De invloed van partijpolitiek op de vrijheid van meningsuiting
Wij mogen ons gelukkig prijzen dat in de laatste jaren de invloed van de politiek op de vrijheid van meningsuiting behoorlijk is afgenomen ondanks dat nu een president regeert die verdacht wordt van ernstige misdaden. Op 25 februari 2014 gedenken we dat het 34 jaar geleden is dat er een staatsgreep werd gepleegd in Suriname.

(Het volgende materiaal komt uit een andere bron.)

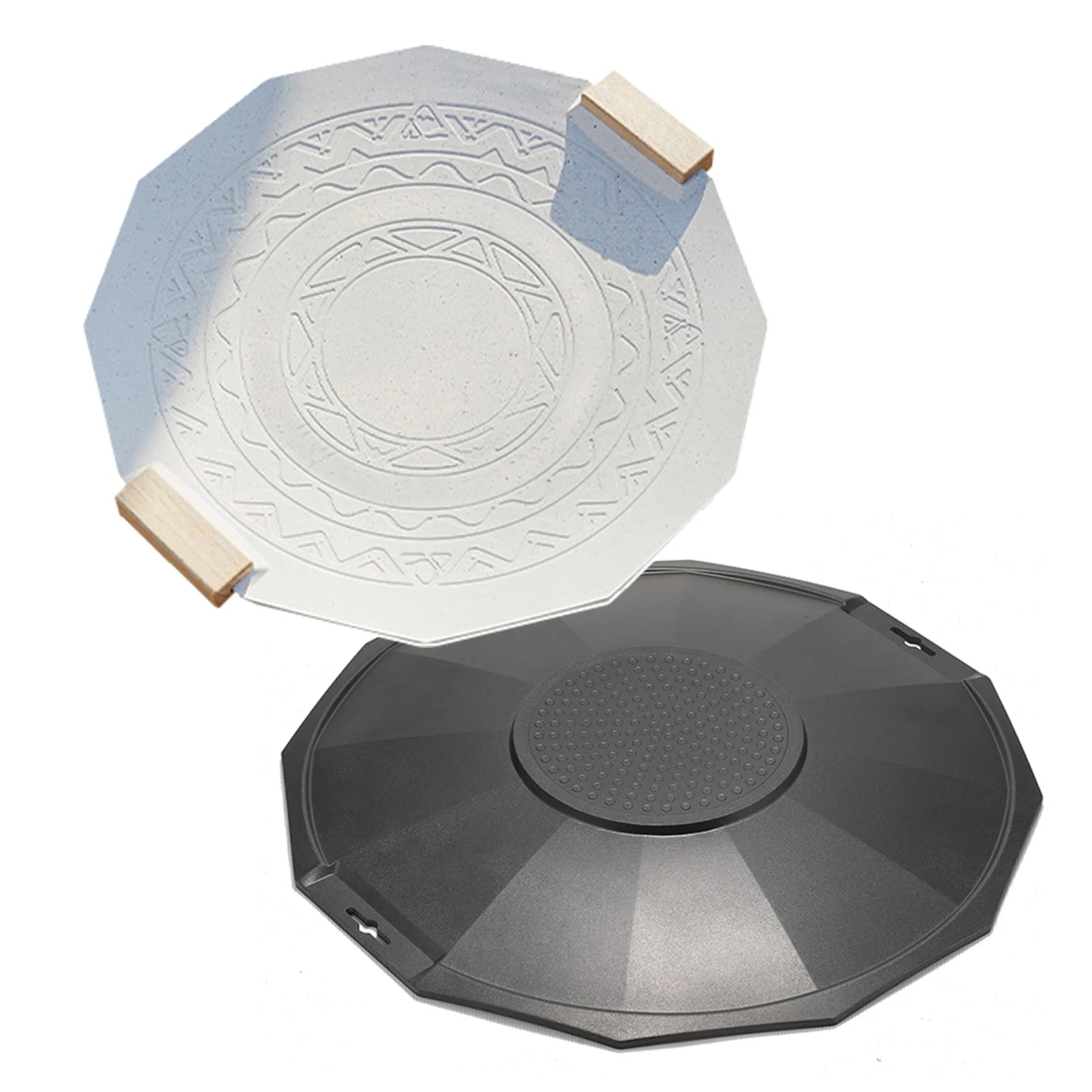 41CM Outdoors Grilling Pan &ndash; 5MM Thick Stone Coating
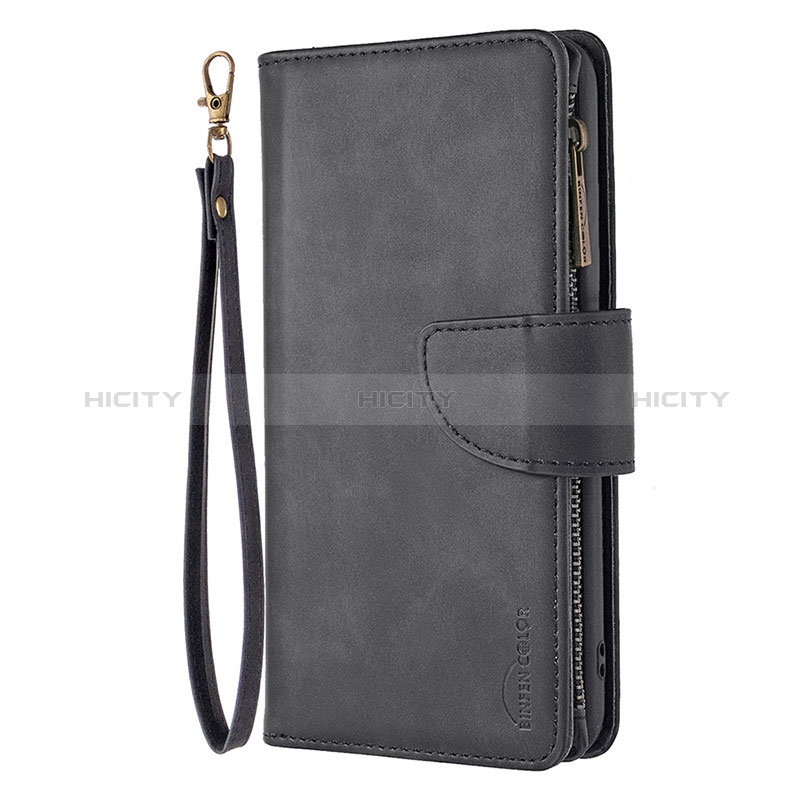 Handytasche Stand Schutzhülle Flip Leder Hülle L03 für Apple iPhone 14 Pro Max Schwarz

Velen legaliseerden deze staatsgreep aanvankelijk vanwege de malaise in ons land. Bepaalde politieke partijen die toen in de oppositie zaten, hebben deze staatsgreep zelfs gestimuleerd. Ook Nederland schijnt een rol gehad te hebben in deze coup. De documenten die hierop betrekking hebben, zijn vooralsnog voor langere tijd weggestopt. Hoe het ook zij, het kan nooit goedgepraat worden van zeer ernstig geweld gebruik te maken – waarbij zelfs doden vallen – om de beoogde doelen te bereiken. Ook deze zaken hebben te maken met de zo gewilde vrijheid van meningsuiting en informatie in een democratische samenleving. Het gezond verstand dient het in dergelijke gevallen altijd te winnen van de felle emotie. Toch weerhoudt het mij niet om op te merken dat er zo af en toe de racistische sentimenten wel degelijk gevoed worden door de vele zeer corrupte politici en vakbondslieden in Suriname met hun vette zelf gecreëerde dubbele salarissen zonder daarvoor te werken. Het wordt dan ook hoog tijd dat politici en vakbondslieden – als elitaire groep – zich ook in het eigen vlees durven te snijden, en niet telkens wijzen op de tegenstanders. Dit zal maken dat wij op de corruptie-index van Tranparency International stijgen, en zeer zeker ook op de World Press Freedom Index.